Ou o Caos é um cão negro de pêlos compridos, cego e surdo, sem as cinco vísceras. Caos, o Abismo, é anterior a tudo, depois vem a Terra/Gaia, e então o Desejo/Eros. Desses três surgiram dois pares – Érebo e Noite ancestral, Éter e Luz diurna.
Nem Ser, nem Não-ser
Nem ar, nem terra, nem espaço:
o que estava escondido? onde? sob a proteção de quem?
O que era a água, profunda, insondável?
Nem morte, nem imortalidade, dia ou noite…
mas o UNO soprado por si mesmo, sem vento.
Nada mais. Escuridão envolvendo escuridão,
água não-manifesta.
O UNO, escondido pelo vazio,
sentiu a geração do calor, tornou-se ser
na forma de Desejo, primeira semente da Mente…
O que estava por cima e o que, por baixo?
Existiam semeadores, existiam poderes:
energia embaixo, impulso em cima.
Mas quem pode ter certeza?
— Rig Veda
—
Tiamar, o Oceano de Caos, expele lentamente de seu ventre Lama e Saliva, os Horizontes, o Céu e Sabedoria líquida. Esses rebentos crescem barulhentos e pretensiosos – ela pensa em destruí-los.

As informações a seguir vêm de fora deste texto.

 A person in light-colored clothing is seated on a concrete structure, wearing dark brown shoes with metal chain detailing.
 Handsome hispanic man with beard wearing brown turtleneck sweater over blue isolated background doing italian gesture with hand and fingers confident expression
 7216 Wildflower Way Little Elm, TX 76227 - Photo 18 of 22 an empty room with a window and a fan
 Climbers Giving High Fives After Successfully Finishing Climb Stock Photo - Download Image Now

Mas Marduk, o deus da guerra babilônico, levanta-se em rebelião contra a Velha Bruxa e seus Monstros do Caos, totens infernais – o Verme, a Ogre Fêmea, o Grande Leão, o Cachorro Louco, o Homem Escorpião, a Tempestade Trovejante – dragões vestindo suas glórias como deuses – e a própria Tiamat é uma serpente marinha gigante.
Marduk a acusa de fazer os filhos se rebelarem contra os pais – ela ama Neblina e Nuvens, princípios da desordem. Marduk será o primeiro a reinar, a inventar o governo. Durante a batalha, ele trucida Tiamat e com o seu corpo encomenda o universo material. Inaugura o império da Babilônia – e então, com os miúdos e as tripas sangrentas do filho incestuoso de Tiamat, ele cria a raça humana para servir aos deuses para sempre e aos altos sacerdotes e reis sacramentados.
Zeus Pai e os deuses do Olimpo travam guerra contra Mãe Gaia e os Titãs, esses partidários do Caos, da velhas formas de caça e coleta, das longas andanças sem destino, da androginia e da licenciosidade das bestas.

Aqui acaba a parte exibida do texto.